Student participation comes through a couple of avenues. Parents and guardians of children in grades K to 4 can apply to enter children into the preparatory choir or choral readiness program. While those students can automatically move into the more advanced groups, students in grades five and above need to audition. Tuition to the program is nominal, $250 per year is quoted as something on the high side, and there is a sliding scale based on need. Coordinators say that no child is ever denied participation because of limited finances.
Some families are taking notice. “This job got bigger and bigger,” says chorus director Patricia Thel. “When I came on, there were 60 students.” Six years later there are 140 students ranging from kindergarten to 12th grade.
Musician Eric Thompson enters the hall. A performer, Ewing school teacher, and recipient of a Ewing Public Education Foundation award, Thompson is dressed in jacket and tie and lets dreadlocks dance as he walks. He nods, says a few words, and then sits on a drum.

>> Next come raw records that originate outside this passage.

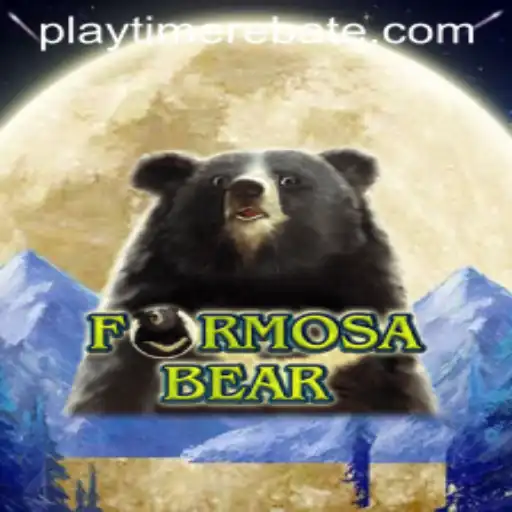 FormosaBear: A Captivating Adventure of Strategy and Survival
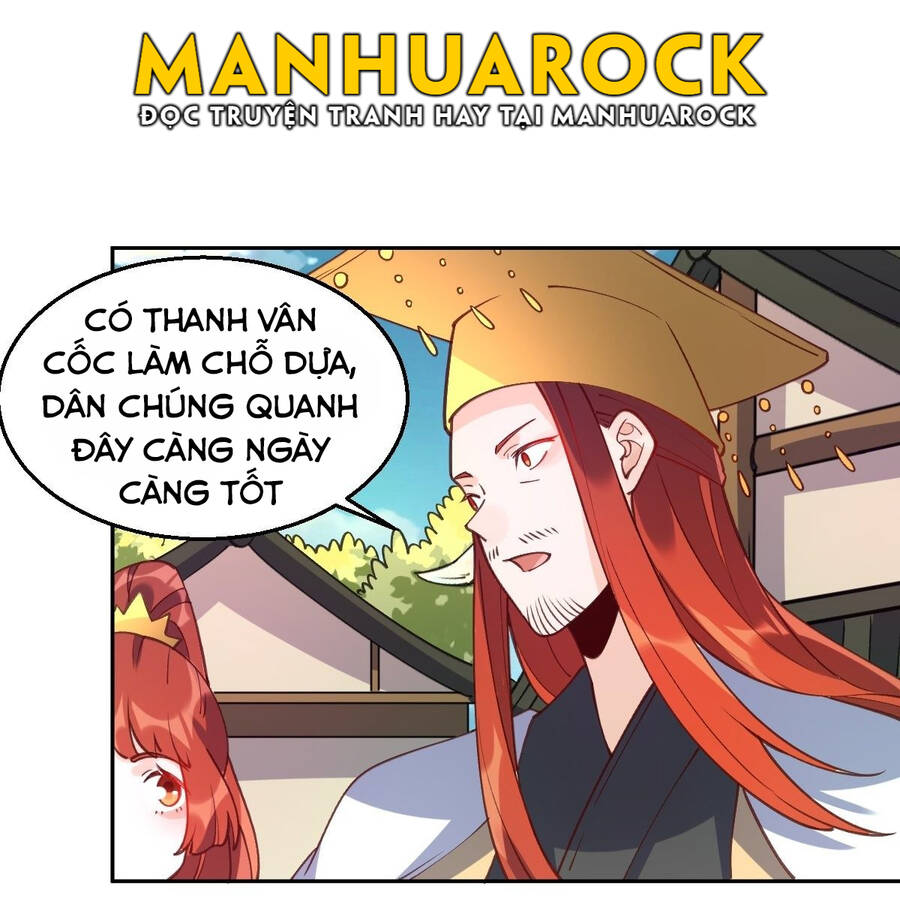 Nguyên Lai Ta Là Tu Tiên Đại Lão Chap 71 - Next Chap 72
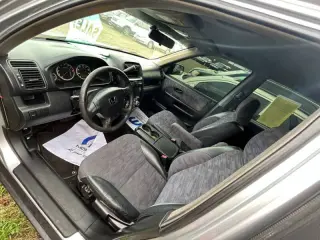 2003 Honda CR-V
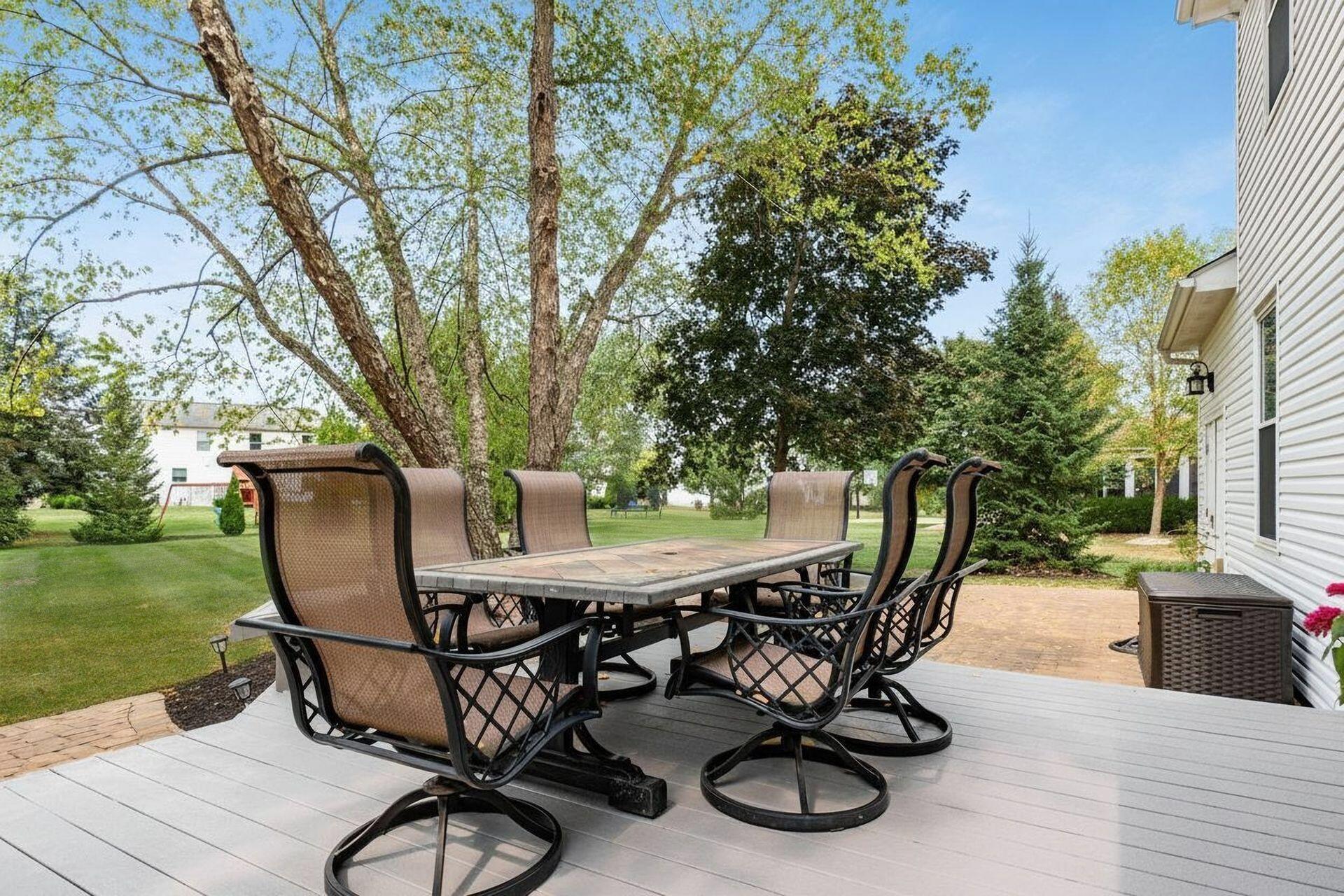 2160 Pleasant Colony Drive, Lewis Center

Thompson provides drumming sessions and training on world percussion instruments. So it is fitting that he drops his hand and slowly begins a rhythm. As if following a mute choreographer, the children close books, put papers away, tidy up, and move en masse toward the musician. He turns the drums to one of the students, who continues the passage of rhythms and then stops, silently announcing that it is 4 p.m. and time to rehearse.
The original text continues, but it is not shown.